Lo stadio Meazza è una struttura obsoleta, forse ristrutturabile, ma di certo vecchia e non più efficiente. Su questo punto Faroldi è categorico: troppo cemento, poca sicurezza, troppi posti a sedere. Non è neanche possibile installare una rete wi-fi efficiente, che in questo momento non è presente. Lo stadio Meazza non ha valore storico. La sua importanza è piuttosto legata a una dimensione simbolica, alle emozioni che è in grado di produrre:

– Prendete il vecchio Wembley. Lo hanno completamente rifatto, ma conserva la sua rilevanza, anche per la storia che incarna, a prescindere dalla sua forma architettonica.

Ciò detto, la demolizione non sembra una strada realmente percorribile: si parla di 450 milioni di euro contro i 200 che servirebbero per la costruzione di uno nuovo. Le altre due opzioni riguardano l’abbattimento e la ricostruzione di un nuovo stadio o la costruzione di un secondo stadio, adibendo il Meazza ad altri usi. Faroldi, tuttavia, non da cenno all’impatto ambientale di simili operazioni.

Inoltre, a suo parere, lo Stadio andrebbe mantenuto lì: su quel territorio ha contribuito a costruire e consolidare la “vocazione sportiva” di San Siro. Il quartiere ha costruito negli anni quella sua connotazione, anche attraverso la presenza degli ippodromi e dei parchi, che non può essere spazzata via, pena uno stravolgimento dell’attuale assetto urbano dell’area. Il rischio è quello di avere uno stadio vuoto, un abbandono che trainerebbe degrado e che potrebbe sfociare in una nuova speculazione edilizia. Gli stadi, se pensati in modo complesso, costituiscono una funziona urbana: devono quindi rimanere in città, al pari dei campus universitari.

La questione critica sollevata da Faroldi riguarda il ruolo degli attori istituzionali e la mancanza di una regia forte, di una visione e di chiare linee di azione, unite a una marcata indecisione nell’orientare la proposta. Non si tratta quindi di negare la necessità del progetto, ma di coglierne le opportunità di sviluppo. Faroldi critica inoltre i tempi del Dibattito Pubblico, arrivato in ritardo rispetto al processo in atto.

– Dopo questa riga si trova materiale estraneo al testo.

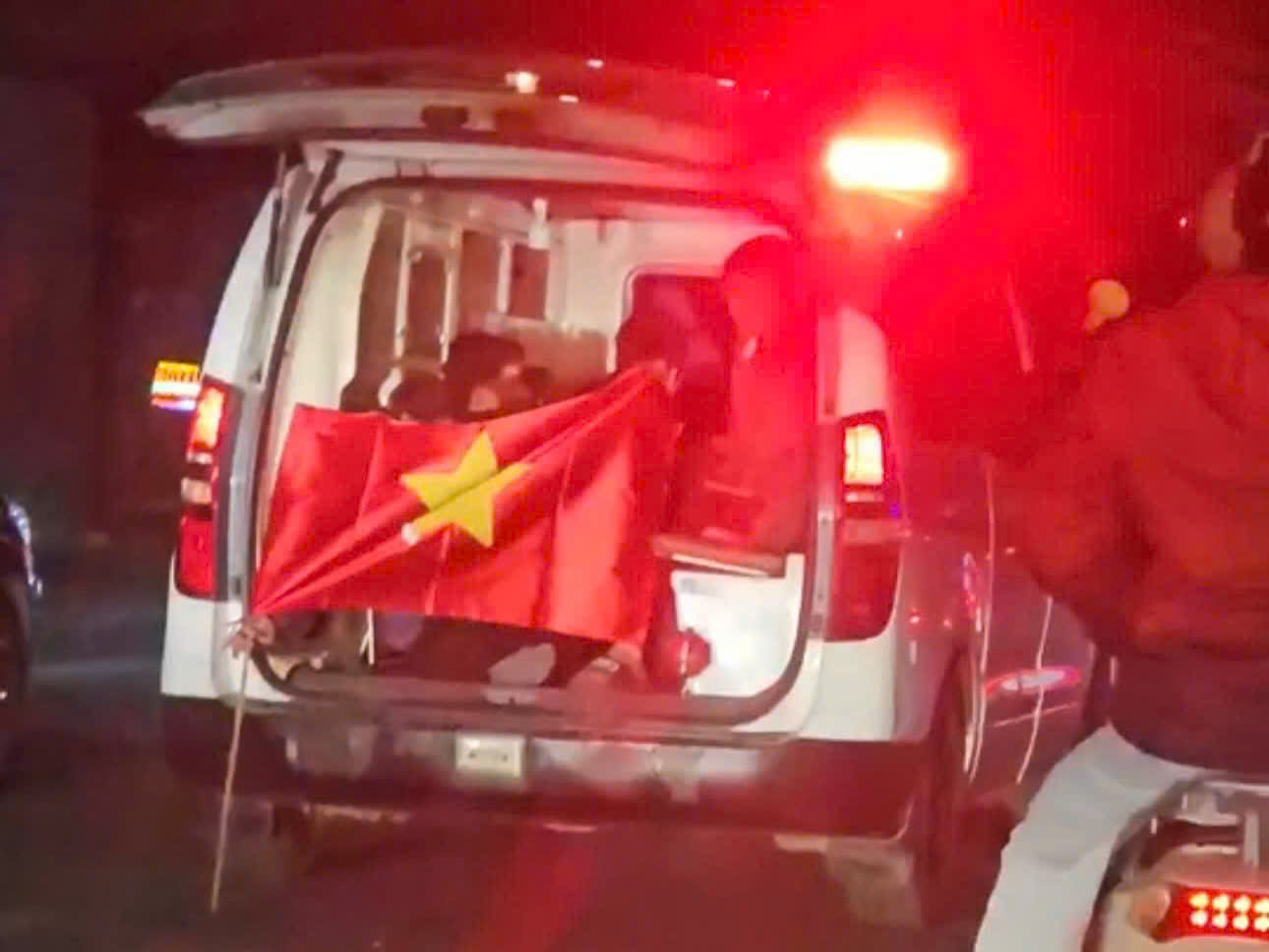 Hình ảnh xe cứu thương bật thiết bị ưu tiên, chở cổ động viên bóng đá.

Proviamo a problematizzare la sua posizione. Gli chiediamo se sia davvero possibile sganciare totalmente la disposizione sportiva dell’area dalle architetture che oggi la caratterizzano. Faroldi è convinto di sì: gli spazi si scrivono e si riscrivono da sempre. Non dobbiamo averne paura.

Ci chiediamo se tale affermazione valga sempre e comunque e a quali condizioni. Emerge qui nuovamente la centralità della dimensione politica e di chi è chiamato a garantire l’interesse pubblico.